Nothing else has happened to America at the hand of any identifiable external assailant. Five years ago, two buildings were knocked down. But that’s all the “hardship” and “testing” our “specialness” could take. Our principles began unraveling immediately and have continued to unravel without abate.
Our national security documents now officially endorse (or proclaim as an American prerogative) the notion of preemptive wars — something that Hitler himself didn’t feel he needed to instantiate in law. And we’ve abolished habeas corpus and legalized torture.
True, that last should stand as a sentence by itself. Americans have legalized torture.
If you don’t feel shame in that, you don’t comprehend the price that has been paid in history to abolish this crime.
Our rhetoric describes our current conflict as a global one, specifically, as a “global war on terror.” Essentially, we’re at war with everyone “who isn’t with us.” How we got to a global conflict (involving every nation) from an incident involving a handful of suicide bombers (declared to be “stateless” actors and “dead enders” who simply “hate our freedoms”) is a mystery I can’t even fathom.
And which of our “freedoms” are the ones they hate? The ones we’re voluntarily giving up? Our civil liberties? If we give them up because “they” hate them, who wins in that transaction?
But moving on.
We not only have a larger military than everyone else’s combined, we have a nuclear arsenal suitable for sterilizing the planet several times. We’ve developed plans for using some of these weapons, preemptively of course, against Iran.
We no longer have a free press, a liberal press, an honest press. We have a huge propaganda machine run by a handful of large corporations.
Our civil rights are trampelled. The countervailing powers of our government have been dismantled. Serious thinkers, trained scientists, experienced engineers, reality-based generals and admirals, and constitutional lawers have been purged from the government. Some agencies have been so weakened they simply can’t function.
We can’t clean up our streets after a storm, let alone succeed at improving the lot of the third- and fourth-world countries we seem determined to invade in rapid succession.
We should also note — in the richest country at the richest moment in history, our economy and government is in shambles.
America lost. Osama, if indeed he was ever any more than a philosophical religious zealot in the desert crying out against American corporate imperialism (and actually had a hand in the 9/11 tragedy), has won.
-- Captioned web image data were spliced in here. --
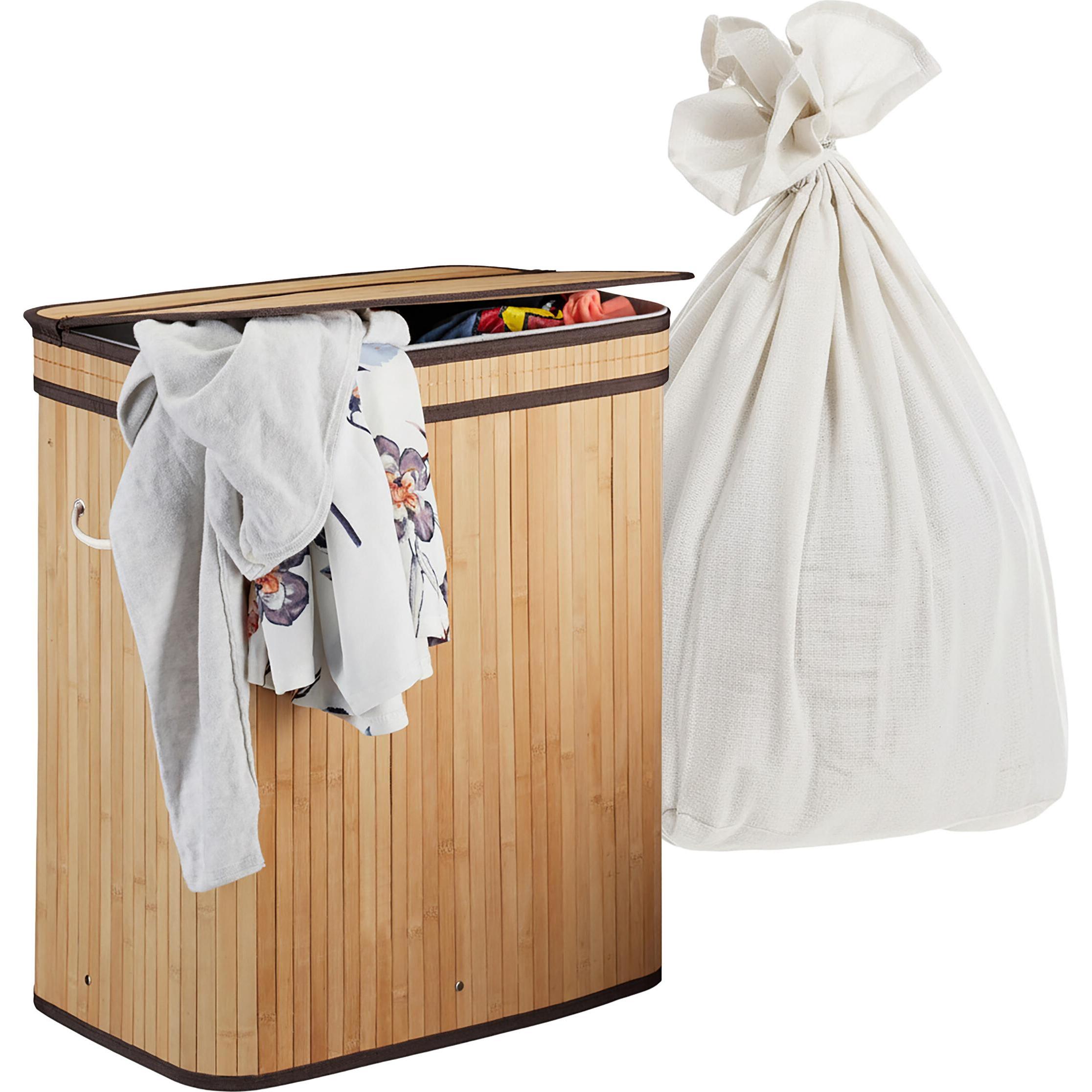 Relaxdays Marrone Portabiancheria, Cesto Bambù (100 L)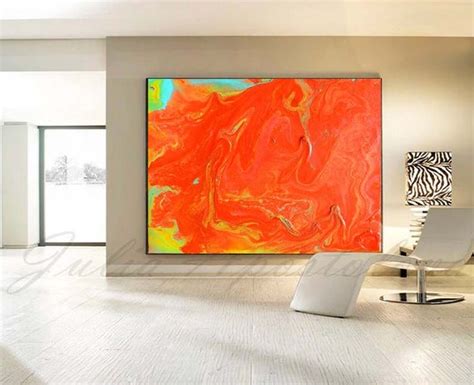 Orange Abstract Painting Abstract Print Modern Canvas Wall | Etsy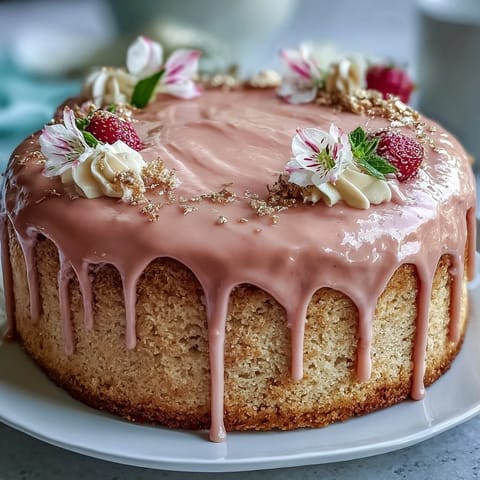 Blush pink Rosé Velvet Cake, perfect for celebrations, with a rich cream cheese frosting.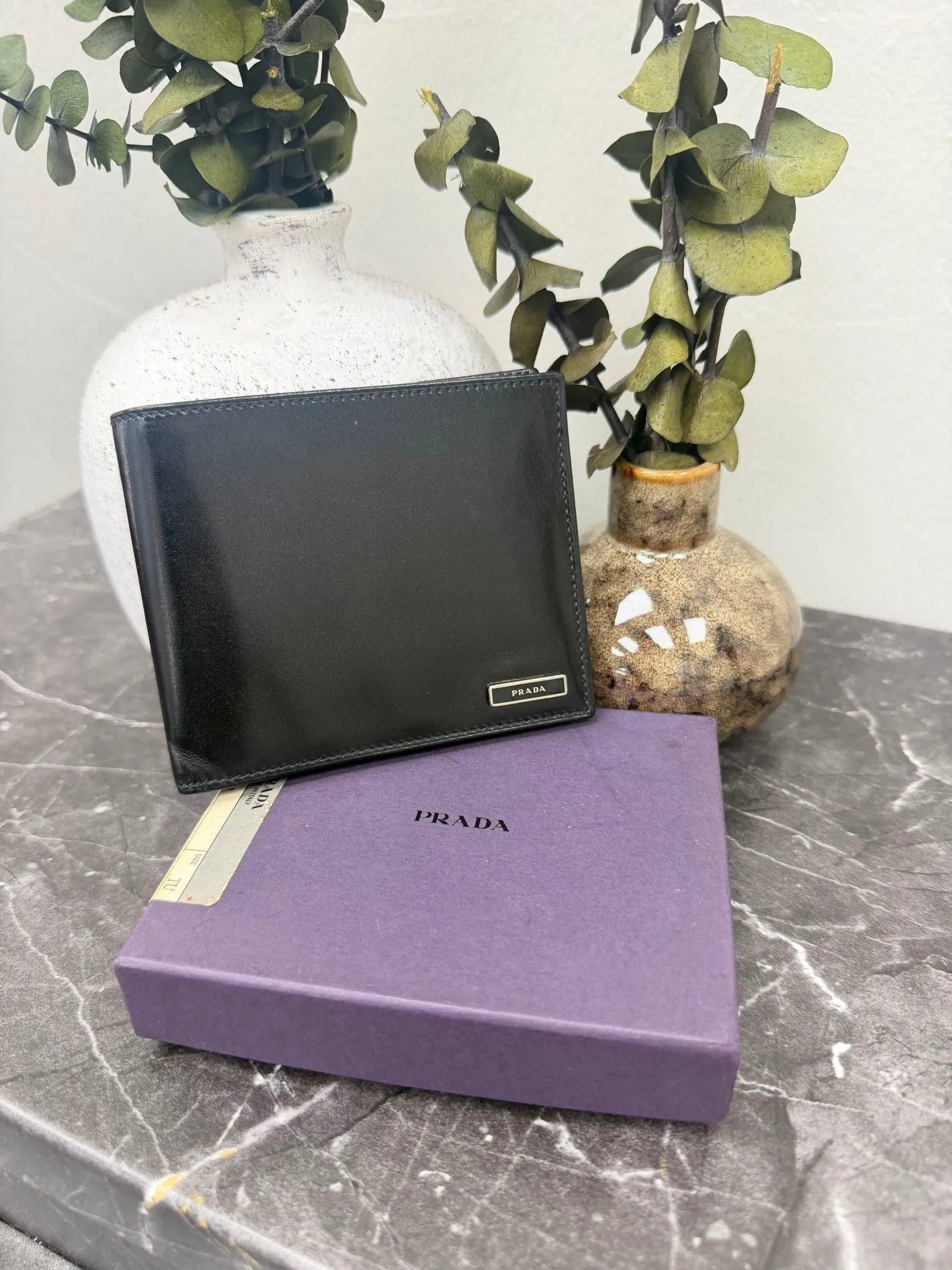 Prada Black Leather Bifold Wallet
The America I knew is gone. For the price of two buildings. And we deprecate France for falling to the German onslaught so quickly. We were cheaper and fell much faster and much farther.
We’re a rogue state now. Filled with insouciant shoppers.
/ehj2
-
Infidel says:
A state of insouciant shoppers is not a bad thing. You get millions of insouciant shoppers and you might be able to finance the building of huge skyscrapers capable of housing companies that employ millions of insouciant shoppers. They might even fuel the insouciant travelers in airlines piloted and maintained by insouciant workers.
-
Infidel says:
…But I get what you mean and I would never think you actually thought only two buildings fell on September 11, 2001 any more than you would think New York firefighters insouciant on that day.
-
Violet says:
I think Gordo’s comment #8 and ehj2′s comment #15 together summarize as well as anything just where our handbasket has brought us.
Like ehj2, I’m astounded that we’ve lost so much so quickly. I’m astounded to learn that a hundred million of my fellow citizens do not share what I thought were the basic American values, the stuff drummed into us from grammar school on. And as Gordo points out, it seems that they have never shared those values. Everything we learned in school about the Constitution and liberty and justice and all that was just words to them. Meaningless words. All they really believe in, apparently, is “we’re us and you’re not.”
-
Timothy Shortell says:
Comrades,
Join me in the People’s Republic of NYC. All we need to do is push Manhattan and Long Island a little further out to sea. (How far out constitutes international waters?) How hard can that be?We’ll celebrate liberty, equality and respect for the dignity of all persons.
Oh, we’ll need an army. The godbags have guns, and they are willing to use them.
-
richard cherry says:
Vi – I have just arranged your work permit. You are now officially employed as house pedant at Cherry Towers, Westbourne Grove, Feministan. Your duties will include telling people interesting and useful stuff, making my blog worth reading and a little light dusting – nobody ever dusts the lights in this country any more. You may have to come out with amusingly stupid ‘american’ comments like ‘Say do you guys have Christmas over here too?’ ‘Britain is great – it’s so much older than the States’ ‘I love your English accent – it’s like Irish’ and ‘Ooh, you’re from London – I have a friend in Paris, maybe you know her?’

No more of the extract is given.